═════ Provided records ═════

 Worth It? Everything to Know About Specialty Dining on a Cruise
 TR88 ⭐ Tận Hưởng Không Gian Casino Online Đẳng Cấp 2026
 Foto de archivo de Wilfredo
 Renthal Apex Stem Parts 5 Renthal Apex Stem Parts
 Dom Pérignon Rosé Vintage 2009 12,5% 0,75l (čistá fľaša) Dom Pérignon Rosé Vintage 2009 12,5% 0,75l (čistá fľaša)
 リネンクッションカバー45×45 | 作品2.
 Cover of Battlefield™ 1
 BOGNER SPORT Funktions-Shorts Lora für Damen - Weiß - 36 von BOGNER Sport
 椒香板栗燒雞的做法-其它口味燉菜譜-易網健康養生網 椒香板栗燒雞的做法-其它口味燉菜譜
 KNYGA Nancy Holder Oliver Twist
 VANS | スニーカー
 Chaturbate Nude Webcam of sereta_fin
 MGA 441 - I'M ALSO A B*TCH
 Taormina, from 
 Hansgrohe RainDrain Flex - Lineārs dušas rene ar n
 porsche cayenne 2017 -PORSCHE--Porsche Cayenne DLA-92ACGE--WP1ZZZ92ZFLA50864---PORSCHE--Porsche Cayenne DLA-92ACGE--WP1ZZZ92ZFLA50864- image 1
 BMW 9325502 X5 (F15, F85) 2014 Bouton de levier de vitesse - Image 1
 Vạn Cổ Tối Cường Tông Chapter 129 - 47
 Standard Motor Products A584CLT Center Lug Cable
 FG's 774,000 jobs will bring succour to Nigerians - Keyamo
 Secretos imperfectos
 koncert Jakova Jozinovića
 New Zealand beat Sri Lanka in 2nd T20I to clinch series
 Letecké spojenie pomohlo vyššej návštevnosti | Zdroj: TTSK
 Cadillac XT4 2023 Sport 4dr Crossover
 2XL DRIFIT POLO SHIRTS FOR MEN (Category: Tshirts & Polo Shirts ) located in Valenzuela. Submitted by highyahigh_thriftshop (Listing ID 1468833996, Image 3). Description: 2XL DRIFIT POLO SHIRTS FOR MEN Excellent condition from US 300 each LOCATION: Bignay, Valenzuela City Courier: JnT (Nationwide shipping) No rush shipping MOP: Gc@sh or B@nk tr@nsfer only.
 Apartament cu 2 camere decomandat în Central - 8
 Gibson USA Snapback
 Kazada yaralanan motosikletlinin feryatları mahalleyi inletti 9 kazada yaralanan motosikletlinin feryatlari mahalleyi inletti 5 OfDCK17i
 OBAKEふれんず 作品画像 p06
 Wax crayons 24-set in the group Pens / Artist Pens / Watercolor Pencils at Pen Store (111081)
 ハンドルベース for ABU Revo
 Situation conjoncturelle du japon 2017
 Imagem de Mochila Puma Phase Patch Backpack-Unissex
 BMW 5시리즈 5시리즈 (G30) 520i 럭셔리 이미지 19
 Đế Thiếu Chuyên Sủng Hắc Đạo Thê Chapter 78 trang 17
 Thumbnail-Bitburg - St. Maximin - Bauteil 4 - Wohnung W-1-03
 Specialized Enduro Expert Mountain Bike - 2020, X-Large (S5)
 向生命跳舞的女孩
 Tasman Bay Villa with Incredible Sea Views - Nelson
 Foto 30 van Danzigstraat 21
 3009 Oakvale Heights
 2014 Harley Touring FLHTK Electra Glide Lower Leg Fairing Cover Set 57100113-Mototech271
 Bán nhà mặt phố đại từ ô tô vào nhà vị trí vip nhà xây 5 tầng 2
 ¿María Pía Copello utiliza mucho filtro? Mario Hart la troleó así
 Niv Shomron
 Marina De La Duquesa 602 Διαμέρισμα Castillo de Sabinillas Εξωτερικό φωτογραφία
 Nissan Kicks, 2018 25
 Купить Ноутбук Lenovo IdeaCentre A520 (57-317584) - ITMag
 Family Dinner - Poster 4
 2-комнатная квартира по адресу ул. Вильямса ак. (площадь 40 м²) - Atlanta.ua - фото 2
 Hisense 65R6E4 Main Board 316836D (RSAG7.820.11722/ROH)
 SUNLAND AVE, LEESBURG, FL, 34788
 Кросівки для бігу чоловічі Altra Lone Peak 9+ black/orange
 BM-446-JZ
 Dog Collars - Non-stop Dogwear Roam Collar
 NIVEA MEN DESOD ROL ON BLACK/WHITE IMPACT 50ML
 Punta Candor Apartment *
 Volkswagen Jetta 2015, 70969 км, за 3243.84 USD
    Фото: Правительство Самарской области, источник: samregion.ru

═════

Task requirements: Copy word for word the stretch of entries above from the line that has "Thumbnail-Bitburg - St." through the line that has "Hisense 65R6E4 Main", both ends included, and nothing outside it.

Solution for this task:
 Thumbnail-Bitburg - St. Maximin - Bauteil 4 - Wohnung W-1-03
 Specialized Enduro Expert Mountain Bike - 2020, X-Large (S5)
 向生命跳舞的女孩
 Tasman Bay Villa with Incredible Sea Views - Nelson
 Foto 30 van Danzigstraat 21
 3009 Oakvale Heights
 2014 Harley Touring FLHTK Electra Glide Lower Leg Fairing Cover Set 57100113-Mototech271
 Bán nhà mặt phố đại từ ô tô vào nhà vị trí vip nhà xây 5 tầng 2
 ¿María Pía Copello utiliza mucho filtro? Mario Hart la troleó así
 Niv Shomron
 Marina De La Duquesa 602 Διαμέρισμα Castillo de Sabinillas Εξωτερικό φωτογραφία
 Nissan Kicks, 2018 25
 Купить Ноутбук Lenovo IdeaCentre A520 (57-317584) - ITMag
 Family Dinner - Poster 4
 2-комнатная квартира по адресу ул. Вильямса ак. (площадь 40 м²) - Atlanta.ua - фото 2
 Hisense 65R6E4 Main Board 316836D (RSAG7.820.11722/ROH)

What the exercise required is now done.